Mais allons encore un peu plus loin. Si l’eucharistie est un moyen si puissant, si imposant d’anticipation du Règne de Dieu et de la nouvelle création, il convient d’avoir à l’esprit qu’elle est elle-même une réalité anticipée : elle a été en effet préparée depuis l’aube des temps. Elle a été aperçue dans ce pain et ce vin que le roi-prêtre Melchisédech avait offert à Abraham. Nous la voyons en image dans cette manne – ce pain venu du ciel – qui avait nourri les Hébreux pendant leur séjour au désert. Elle est préfigurée dans ce banquet qui réunit dans la nuée les septante anciens d’Israël.


L’eucharistie est dès lors plus qu’un rite offert à l’étude de l’anthropologue. Elle est comme un grand fleuve qui parcourt toute l’histoire sainte, un fleuve dont le débit s’amplifie d’âge en âge pour se jeter dans l’océan de Dieu, un fleuve qui nous aspire et qui nous y emmène. Heureux les hommes qui y nagent ! Et ce n’est pas le tourbillon dans lequel nous sommes pris pour le moment qui empêchera le fleuve de poursuivre son cours inexorablement. Le tourbillon est trop étroit pour subsister dans le fleuve ou pour le détourner.

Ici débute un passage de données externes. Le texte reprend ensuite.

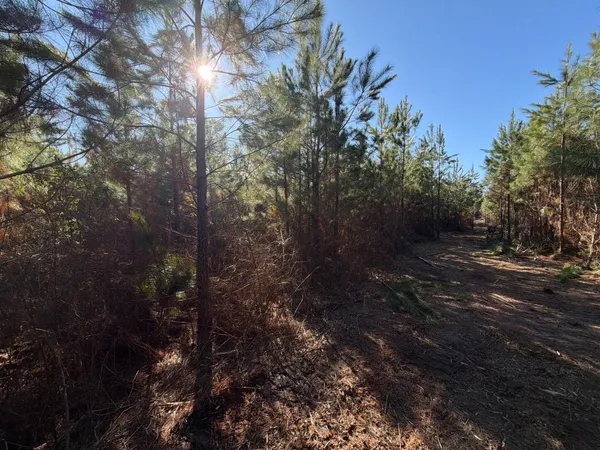 $49,900 | 8 Brunson Teal Road, Patrick, SC 29584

En vous parlant ainsi de l’eucharistie, je voulais évoquer quelque chose de plus large que les événements que nous connaissons : il nous faut plus que l’angoisse ou la peur, plus que le désarroi ou la lamentation sur ce laisser-aller qui nous a menés au bord de la catastrophe.

Il faut plus que du sentiment pour consoler un chrétien. Il faut que son existence s’accomplisse, qu’elle atteigne sa pleine stature ; il faut qu’elle s’inscrive dans le mystère de la volonté divine, dans l’amour du Christ qui surpasse toute connaissance.


Les saints que nous fêtons aujourd’hui témoignent de la puissance de l’eucharistie car ce qu’ils vivent maintenant au ciel, il l’ont déjà vécu – sous le mode du signe – quand ils étaient autour de l’autel ici-bas. Maintenant, ils vivent une communion sans écran, dans le face-à-face.


Je prie ce matin pour qu’ils viennent nous visiter, pour que nous sentions la puissance de leur intercession, pour que, dans le moment où nous sommes, ils nous rassurent, ils nous encouragent. Nous avons en effet beaucoup d’amis au ciel.


Nos pères le savaient : dans leur foi, qui nous semble peut-être naïve, ils promenaient leurs reliques autour de leurs villes et villages en temps d’épidémie. C’étaient les saint des âges sombres : Waudru à Mons, Vincent à Soignies, Rolende, Gertrude à Nivelle, Hadelin… Remercions-les de nous avoir apporté et la foi et la civilisation. Nous les avons presque oubliés ; nous ne connaissons guère leur visage, mais il est certain que nous les verrons un jour ; et il est encore plus certain que dès maintenant ils nous attendent.